A good friend of mine once said that to me that westerners “respect Chinese culture, but will never come to accept it”. I believe that her statement is true and can in fact be broadened to assert that “people of one culture can come to respect, but may in fact never come to accept the culture of different people”. Just because us westerners are easy targets (in that we act directly and directness can be inferred as arrogance), doesn’t mean that we are always deserving of the vilification our white skins earn us (of course, there are many exploitative western bastards in China, may God piss on their graves). After all, we are just as guilty a party as any other race.

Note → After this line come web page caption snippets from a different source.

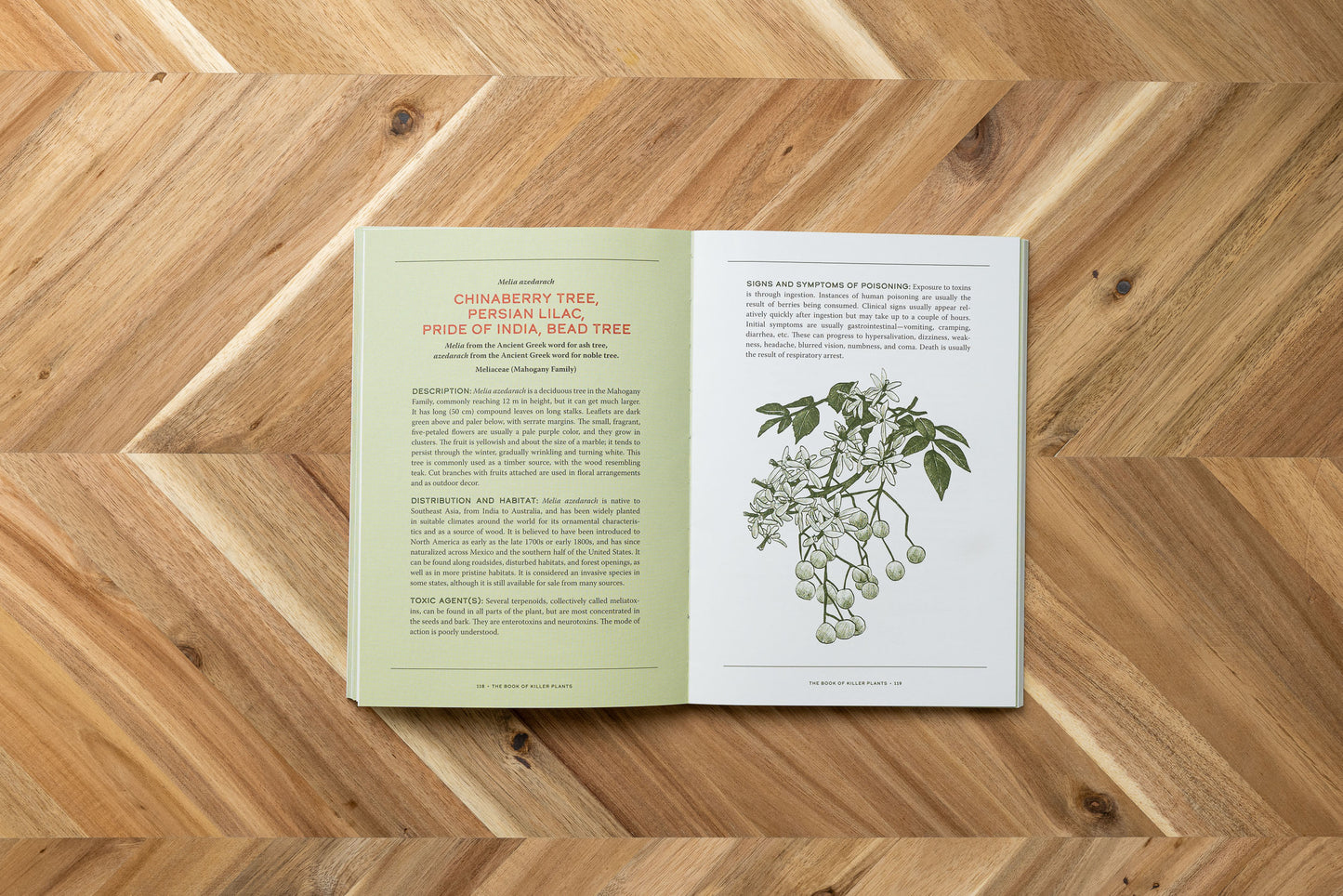 The Book of Killer Plants: A Field Guide to Nature's Deadliest Creations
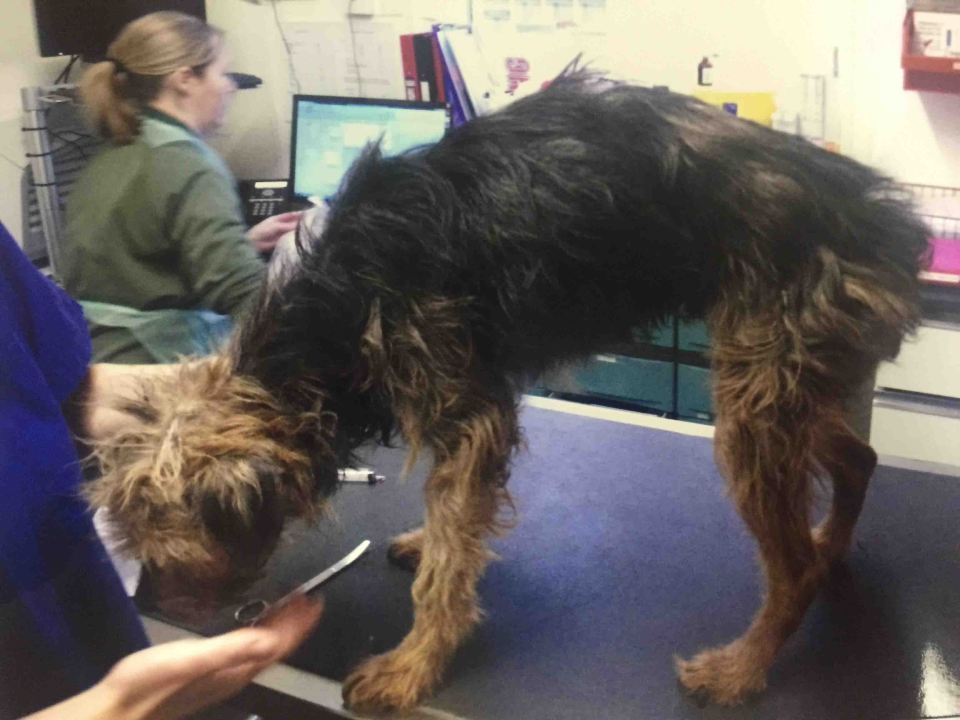  Allport's 15-year-old dog Poppy had to be put down as a result of being kept in the squalid conditions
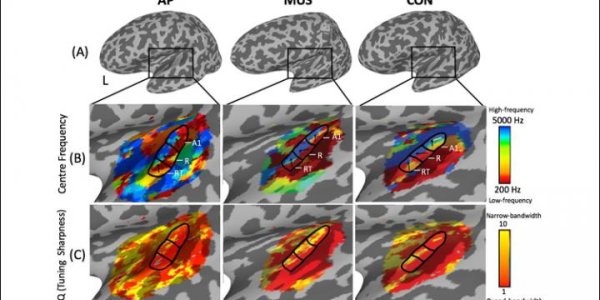 The Genetics Of Having Perfect Pitch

This may come to some surprise, however, I don’t find that westerners who believe that Chinese people are weird, complicated and have strange mannerisms are all that terribly racist, because, after all, the Chinese are saying the same things about us, just as anyone else would. It’s only natural that a bunch of people going to a new and foreign place, no matter what cultural orientation they may well be, would find the foreign land to be strange and exotic, because, in relation to their lived experiences, it is. Sure, we’re talking about racism, but it’s not serious, deep-seeded racism. Mild racism, the racism that dictates that foreign things are strange, is an unavoidable byproduct of human nature. The human brain simply cannot comprehend ethnical and cultural gradients, it must break our existence into pre-package archetypes like Asian, Caucasian, African and so forth, and then assign these classes attributes (read: stereotypes) based on shallow inferences.

For the brain to operate it needs to continue to break the world and all of its constituents (that includes people) into digestible chunks, understanding foreign culture therefore works against the brain’s natural process. The brain seeks to typecast and simplify, cross-cultural communication seeks to add depth and complexity. In the end, we were born to destroy each other.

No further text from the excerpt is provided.